In the North East constituency, which covers Hackney, Islington and Waltham Forest, Mr Khan picked up 111,000 first-preference votes – 11 per cent of his 1,013,721 city-wide total.

Similarly in City and East, which covers the City of London, Barking and Dagenham, Newham and Tower Hamlets, Mr Khan won almost 100,000 votes, though this was 25,000 fewer than the Labour assembly candidate, Unmesh Desai.

Mr Bailey also did well in City and East, outperforming his party by almost 12,000 votes.

Of the 14 assembly constituencies, Mr Khan polled more votes than Mr Bailey in seven and fewer in the other seven.

But crucially he underperformed in comparison to Labour’s assembly candidate in 10 of the 14 constituencies. In essence, Londoners appeared less keen on Mr Khan than on the wider Labour party.

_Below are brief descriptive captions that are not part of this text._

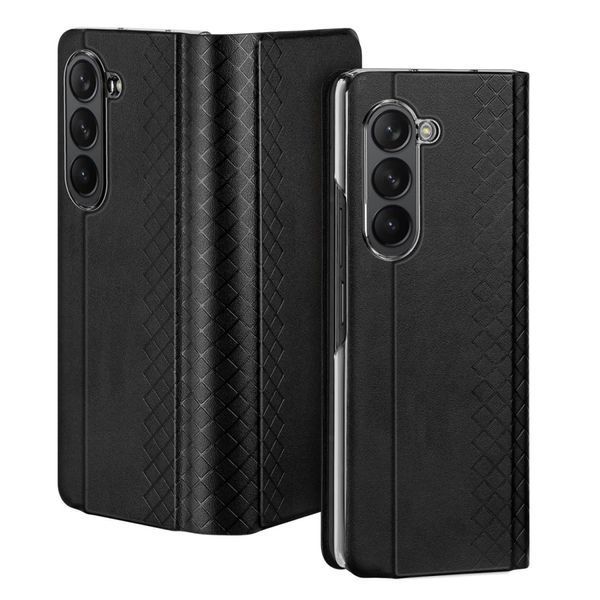 Чехол для смартфона DUX DUCIS Bril для Samsung Fold 5 Black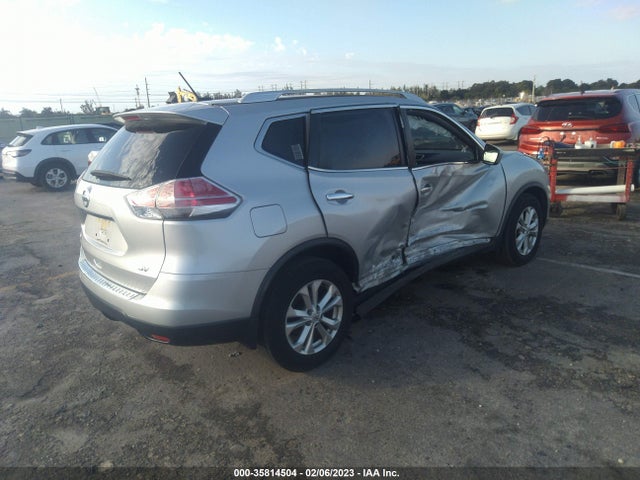 Nissan ROGUE SV 2016 JN8AT2MT2GW028020 Image 4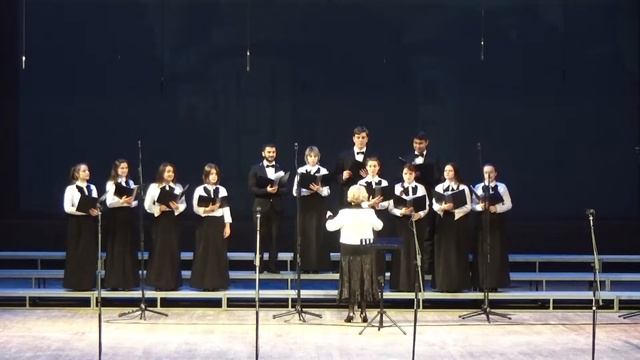 005 Вокальный ансамбль Созвучие Хор ДМШ 4 г Пенза смотреть онлайн
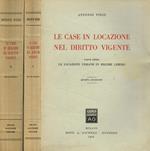 Le case in locazione nel diritto vigente 2voll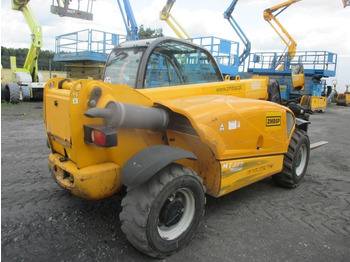 Телескопичен товарач Manitou MT 625: снимка 3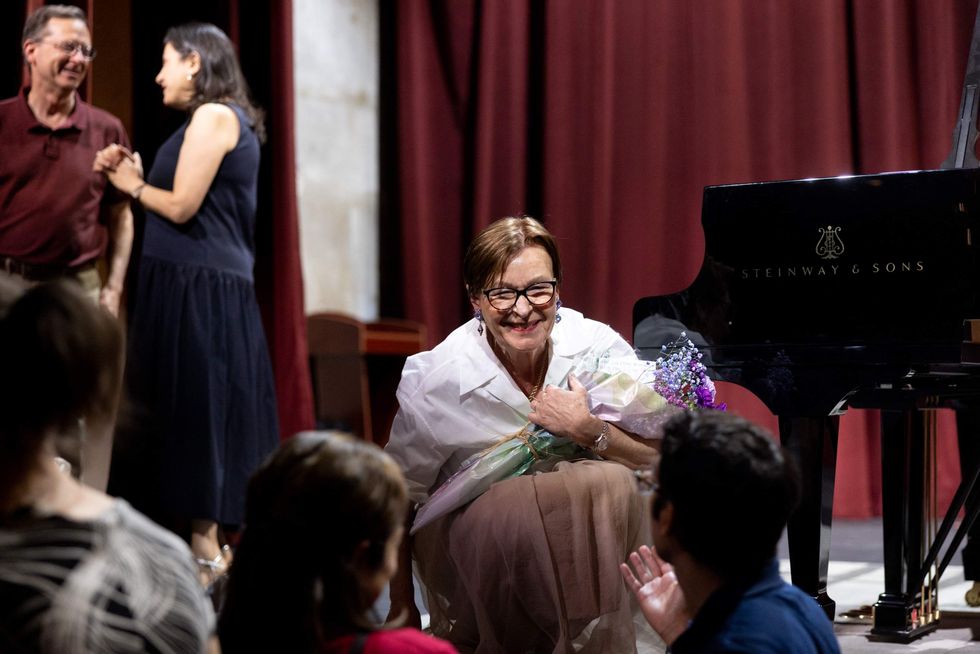 Doctors in Recital 2025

Back in 2021, it was almost midnight at the old City Hall when Mr Khan was declared the winner.

Then there were two rounds of voting and 20 names on the ballot paper, making the counting of votes a lengthy process, even though it was done by machine.

By comparison, the 2024 election uses the traditional first-past-the-post system, which means there is no second round “run off” between the top two candidates. This should speed up the process, as should the shorter ballot paper – there were only 13 mayoral candidates this time.

But turnout will be the key factor. Many expect it to be lower than the 42 per cent in 2021, which was down from 46 per cent in 2016, the highest it has been since the Greater London Authority was formed in 2000.

But about two million votes will still have to be counted at nine venues across the capital, including ExCeL, Alexandra Palace and Olympia.

The other factor is that the count will be done manually for the first time in a mayoral election. If it becomes clear by around 10pm that many votes are still to be counted, the returning officer may send the counting staff home to return the next day – meaning no declaration of the winner until Sunday.

Mr Bowes, a former aide to Mr Khan, said another factor could be the performance of the anti-Ulez mayoral candidate Howard Cox, of the Reform party.

“What will be important is how well Reform do – Susan Hall has run a Reform-y campaign, trying to squeeze their votes. A strong Reform showing in the ‘doughnut boroughs [of outer London] would be bad news for Susan Hall.”

In 2021, Labour won 11 seats on the assembly, the Conservatives nine, the Greens three and the Lib-Dems two.

Labour won nine of the 14 assembly constituency seats and the Tories five. The 11 remaining “Londonwide” seats were allocated on the basis of each party’s support across London.

In Brent and Harrow, the assembly seat was won by Labour – but Mr Bailey outperformed his party by almost 10,000 votes and received almost 4,000 more votes than Mr Khan.

The Ealing and Hillingdon assembly constituency includes Uxbridge and South Ruislip, which Labour failed to win last year in a parliamentary by-election – which Labour leader Sir Keir Starmer blamed on Mr Khan’s Ulez expansion.

If Labour loses the seat, and nearby Brent and Harrow, it will suggest that many voters in outer London remain angry about last year’s Ulez expansion.